## Task statement
Go to the line in the entries below that holds "Felcsíptem ezt a" and repeat exactly from there through the line that holds "Garsonieră în Apărătorii Patriei", inclusive.

## Exercise data
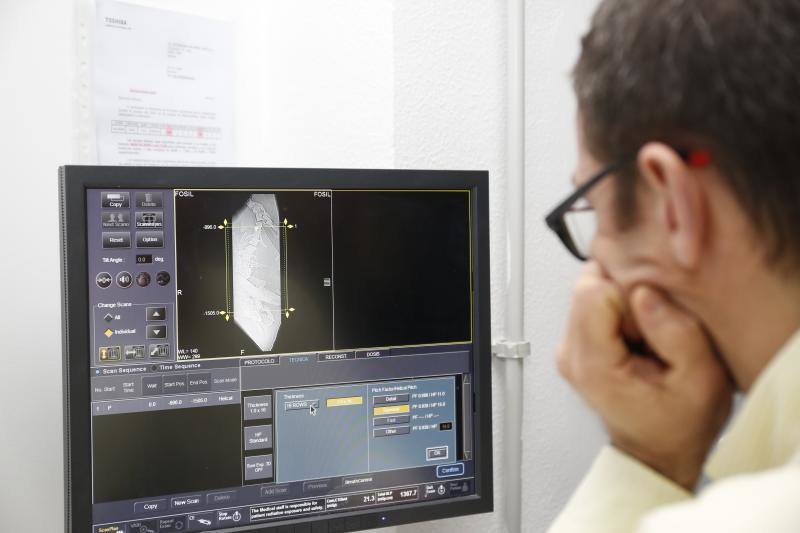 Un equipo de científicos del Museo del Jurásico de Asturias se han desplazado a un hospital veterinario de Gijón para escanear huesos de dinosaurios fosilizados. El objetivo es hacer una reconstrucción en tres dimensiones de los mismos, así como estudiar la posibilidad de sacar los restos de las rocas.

---

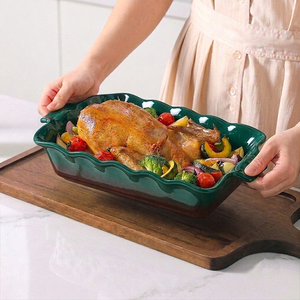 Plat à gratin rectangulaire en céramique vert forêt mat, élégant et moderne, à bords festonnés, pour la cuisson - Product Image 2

---

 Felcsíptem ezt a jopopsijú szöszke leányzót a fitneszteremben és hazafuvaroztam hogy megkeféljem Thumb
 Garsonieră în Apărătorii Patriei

## Answer to the exercise
 Felcsíptem ezt a jopopsijú szöszke leányzót a fitneszteremben és hazafuvaroztam hogy megkeféljem Thumb
 Garsonieră în Apărătorii Patriei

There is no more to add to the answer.